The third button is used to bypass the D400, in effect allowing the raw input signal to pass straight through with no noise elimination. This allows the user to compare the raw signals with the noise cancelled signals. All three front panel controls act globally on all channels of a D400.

...

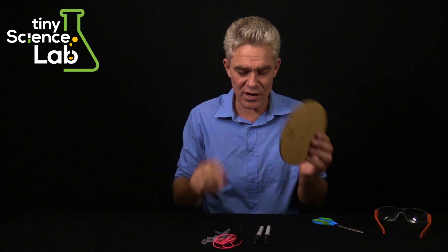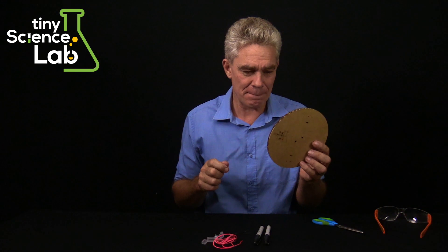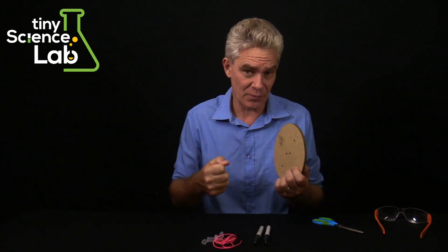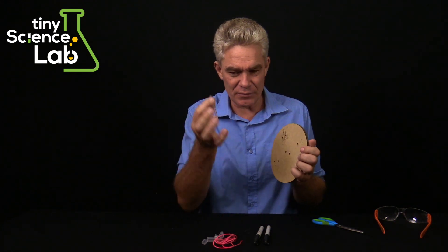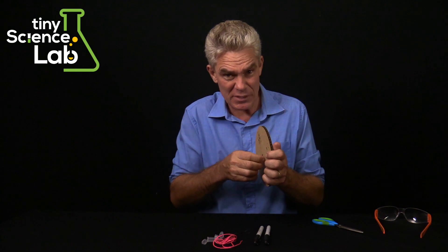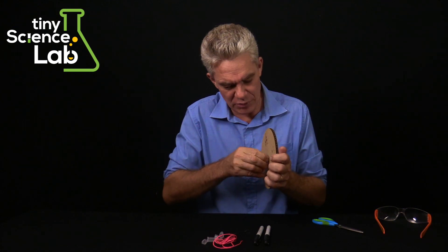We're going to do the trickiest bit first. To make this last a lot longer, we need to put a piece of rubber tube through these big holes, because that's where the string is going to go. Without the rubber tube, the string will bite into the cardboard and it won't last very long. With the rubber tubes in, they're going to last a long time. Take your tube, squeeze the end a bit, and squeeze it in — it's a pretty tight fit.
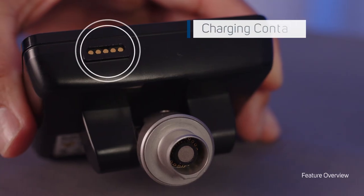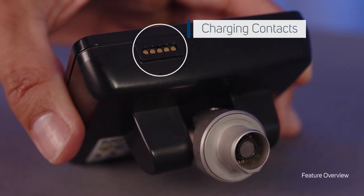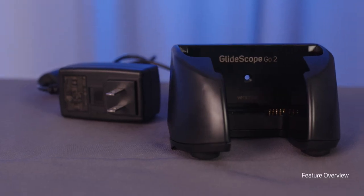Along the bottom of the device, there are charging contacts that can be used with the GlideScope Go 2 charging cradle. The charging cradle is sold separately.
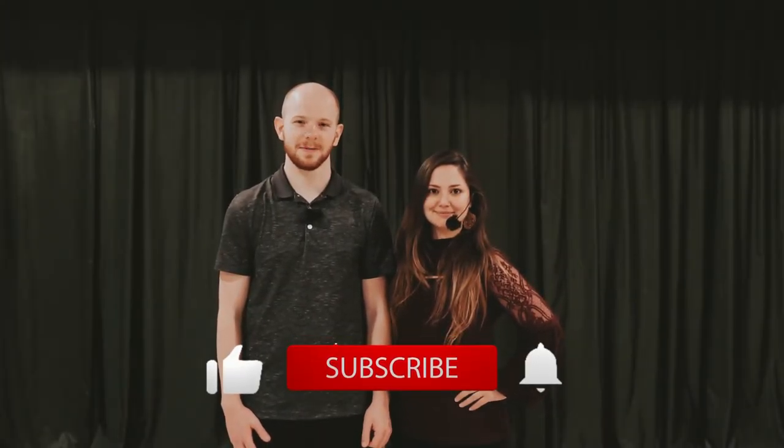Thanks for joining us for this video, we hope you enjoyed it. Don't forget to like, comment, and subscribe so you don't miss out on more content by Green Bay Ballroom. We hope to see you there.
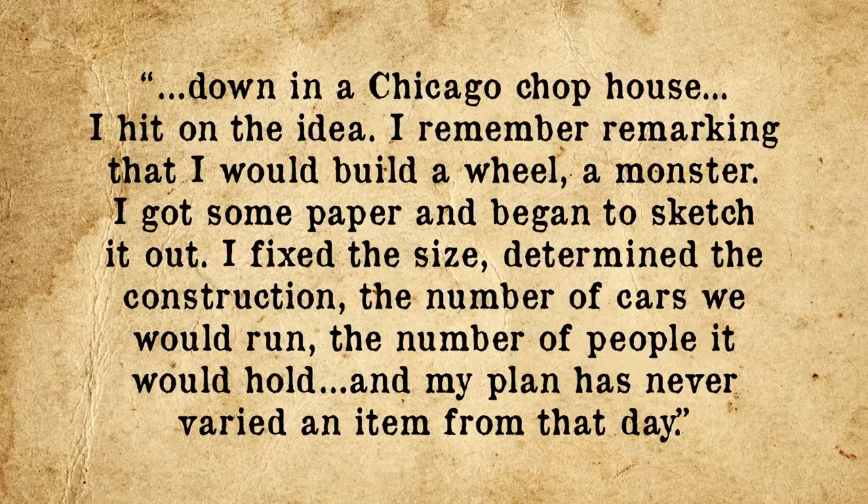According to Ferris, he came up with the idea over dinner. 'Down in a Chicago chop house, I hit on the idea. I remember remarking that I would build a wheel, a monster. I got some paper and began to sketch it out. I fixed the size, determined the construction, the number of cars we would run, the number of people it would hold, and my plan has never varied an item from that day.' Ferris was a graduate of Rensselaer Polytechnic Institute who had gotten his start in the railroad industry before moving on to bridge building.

_Brief_
Your answer should consist of the lines above between those holding "Thanks for joining" and "According to Ferris, he", inclusive, reproduced word for word and without pictures.

_Solution to the exercise_
Thanks for joining us for this video, we hope you enjoyed it. Don't forget to like, comment, and subscribe so you don't miss out on more content by Green Bay Ballroom. We hope to see you there.
According to Ferris, he came up with the idea over dinner. 'Down in a Chicago chop house, I hit on the idea. I remember remarking that I would build a wheel, a monster. I got some paper and began to sketch it out. I fixed the size, determined the construction, the number of cars we would run, the number of people it would hold, and my plan has never varied an item from that day.' Ferris was a graduate of Rensselaer Polytechnic Institute who had gotten his start in the railroad industry before moving on to bridge building.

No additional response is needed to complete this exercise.